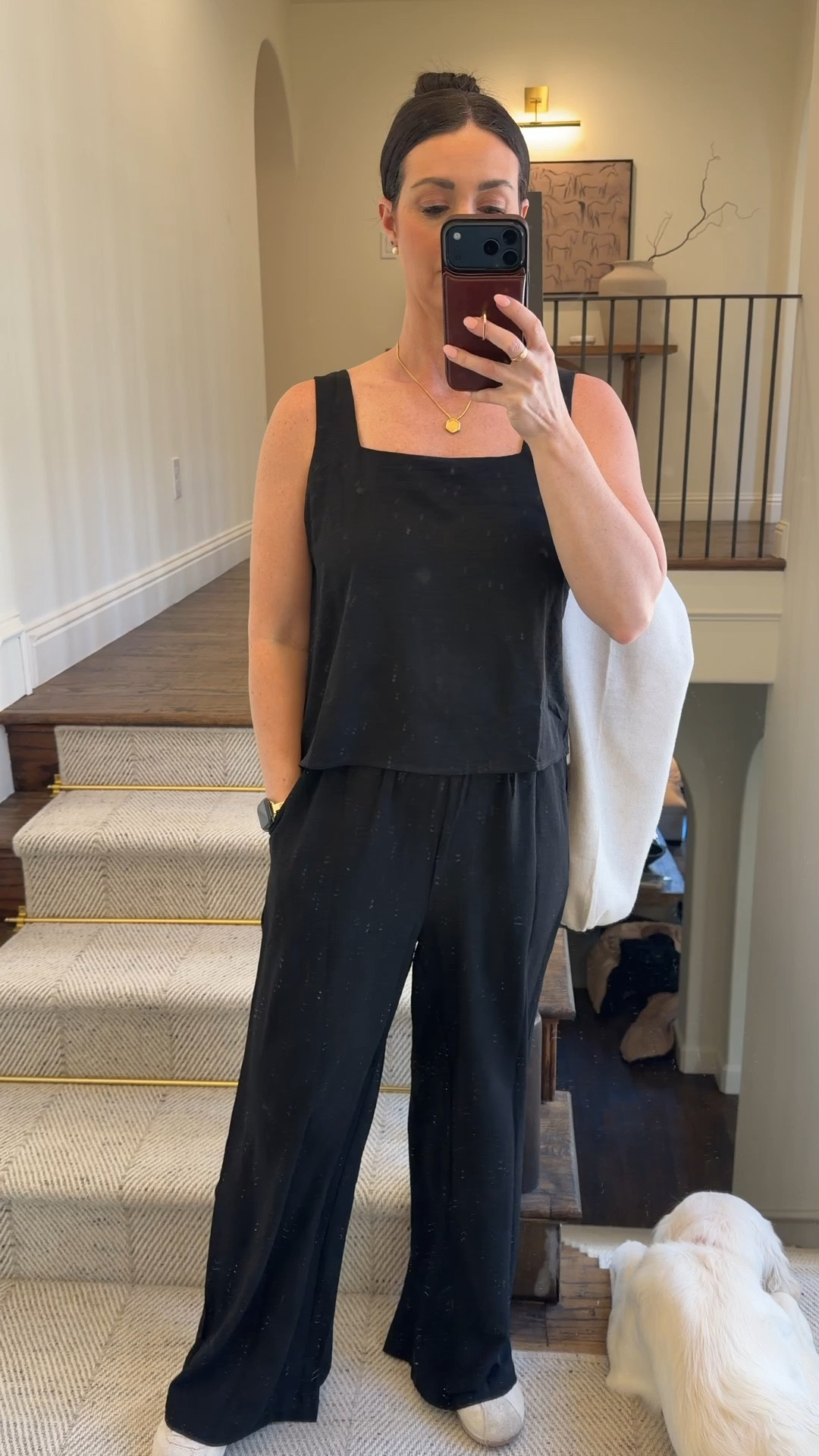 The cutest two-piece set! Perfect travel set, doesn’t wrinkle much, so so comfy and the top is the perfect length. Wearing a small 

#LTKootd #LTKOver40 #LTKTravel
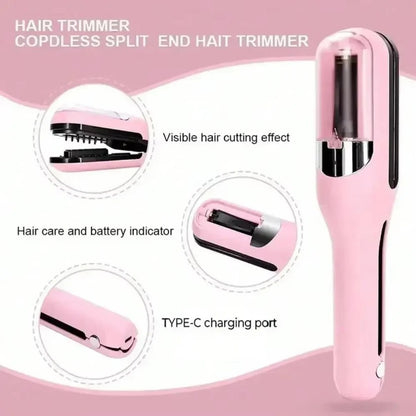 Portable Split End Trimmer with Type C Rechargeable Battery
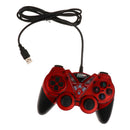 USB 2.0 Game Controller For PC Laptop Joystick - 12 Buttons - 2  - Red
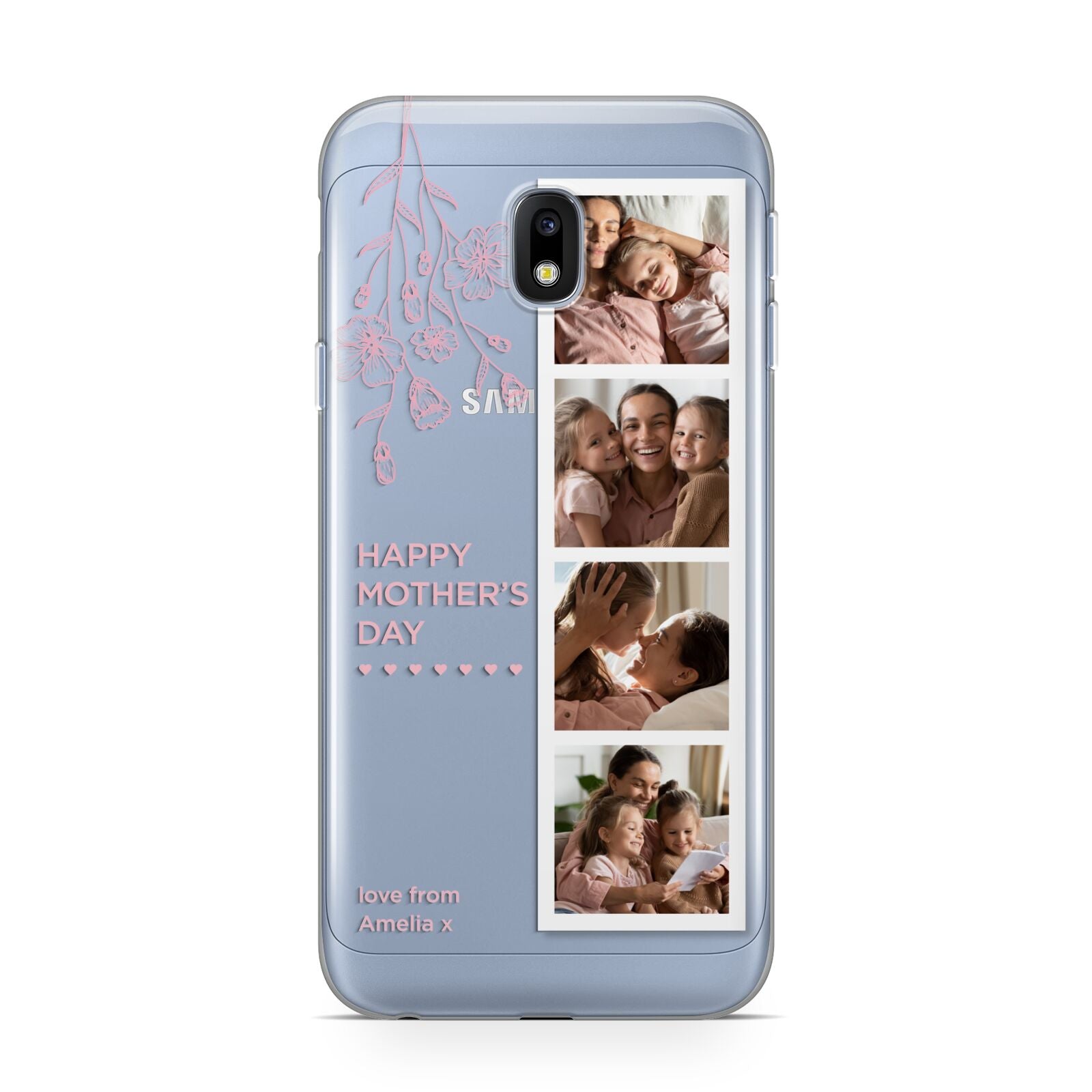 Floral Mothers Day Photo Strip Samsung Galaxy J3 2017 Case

************

Pictures stay out of the answer; the rest of the listing above is returned exactly.

 The cutest two-piece set! Perfect travel set, doesn’t wrinkle much, so so comfy and the top is the perfect length. Wearing a small 

#LTKootd #LTKOver40 #LTKTravel
 Portable Split End Trimmer with Type C Rechargeable Battery
 USB 2.0 Game Controller For PC Laptop Joystick - 12 Buttons - 2  - Red
 Floral Mothers Day Photo Strip Samsung Galaxy J3 2017 Case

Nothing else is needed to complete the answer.